家の都合なんて関係なく学校はいつも通りある。つまらない授業を聞いて(寝て)、休み時間には男友達と遊んで、右京兄さんが作ってくれたお弁当を食べる。



「名前君、相変わらずカッコいい〜」

「ねぇねぇ放課後遊ぼう!?」

「名前君、今日も綺麗です!」



廊下で女の子に囲まれるのもよくあること。女の子は可愛らしいし好きだけど、女友達は作らない。横一列とか睨み合いとか女同士の闘いが面倒だから。私には絵麻がいればいいし。

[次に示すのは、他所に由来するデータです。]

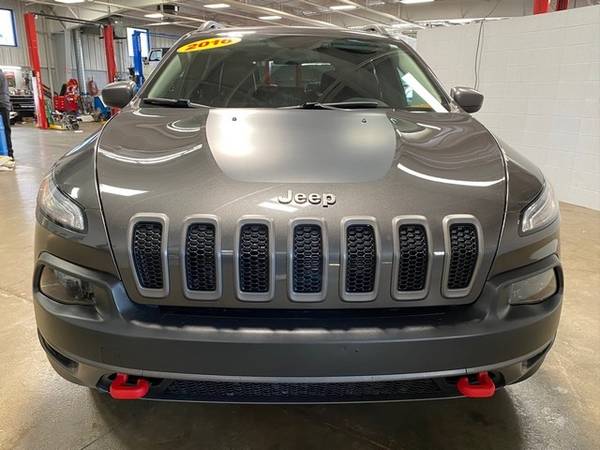 2016 Jeep Cherokee 4WD 4dr Trailhawk - - by dealer for sale in Coopersville, MI – photo 2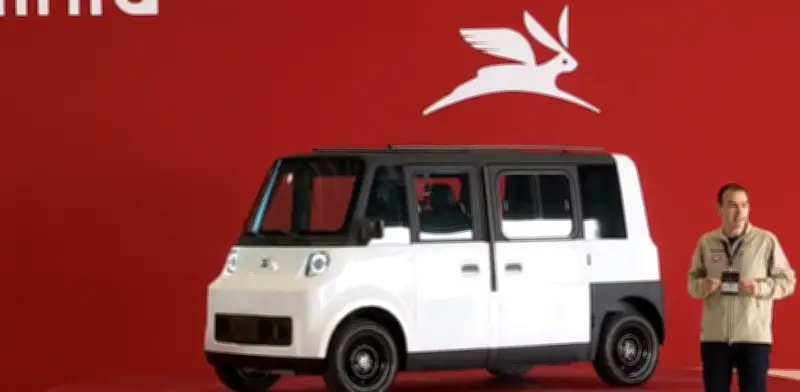 Sheinbaum presenta Olinia, el primer auto eléctrico mexicano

『ありがとう、でも君のほうが私なんかより綺麗だよ?一生懸命美容を保っているんだね』



別にでまかせじゃない。ただ本心を言っているだけ。女の子は愛でるものだと思ってるし。だけどその言葉に頬を真っ赤に染める女の子たち。予鈴が鳴り、その子たちがいなくなった後、教室から廊下へ頭を出している男子生徒が声を掛けてくる。



「相変わらず人気だなー名前」

『あ、和馬じゃん。はっはーん、羨ましい?』

「いーえ、大変だなってさ」

『棒読みになってるよー?素直に羨ましいって言えばいいのに』



彼は絵麻のクラスの佐々倉和馬。侑介と一緒で一年のときは私と同じクラスだった。今は絵麻と同じクラスの一人だ。サッカー部主将で毎日大変そうに部活している。私も休みの時にたまに参加する。スポーツは得意だし。



「名前ー、あと5秒くらいで本鈴鳴るぞ?」

『え、嘘!?ぎゃぁぁぁあ、鳴った!?もっと早く言ってよ!!』



…先生が遅れてきたので何とか遅刻にはならなかった。廊下をダッシュしたけど。ちくしょう、和馬め。もっと早く言ってくれたっていいじゃん!!





名前は部活を早々と切り上げて家へと帰ってきた。昨日は皆と食事を共にすることが出来なかった為、今日くらいは一緒に食事をしようと思ったのだ。これからは部活で皆より遅い時間となると予想していた。

台所を除いてみると絵麻が右京兄のお手伝いをしていた。本当の兄妹みたいだな、なんて思いながら名前は部屋へと戻る。料理は担当でなかったので上手というわけではないのだ。



『おいしそう!』



綺麗な料理が並ぶ。彩り豊かで野菜が可愛い形に切られてあったり写真を撮りたくなるような出来栄え。そういえば自分の食べる席は…と探していた所、とても遠慮したい位置、椿兄さんと梓兄さんの間に一人分空いていた。



『………』

「名前ー、こっちこっち」



椿は期待を込めた瞳で名前を見て、こっちだと手招きする。…そこだけは嫌だった。絵麻のほうをチラッと見ると弥君と笑顔で何やら話していた。和やかで何よりだ。要兄さんの隣とか本当危険でしかないし。私の隣にも危険人物2号さんがいるようだけれど仕方ない、か。私が席に着いたところで賑やかな夕食は始まった。

お父さんが再婚して沢山の兄弟と一緒に暮らすこととなって。いろいろ大変なこともあるだろうけど、いつか本当の家族になれたらいいなぁ。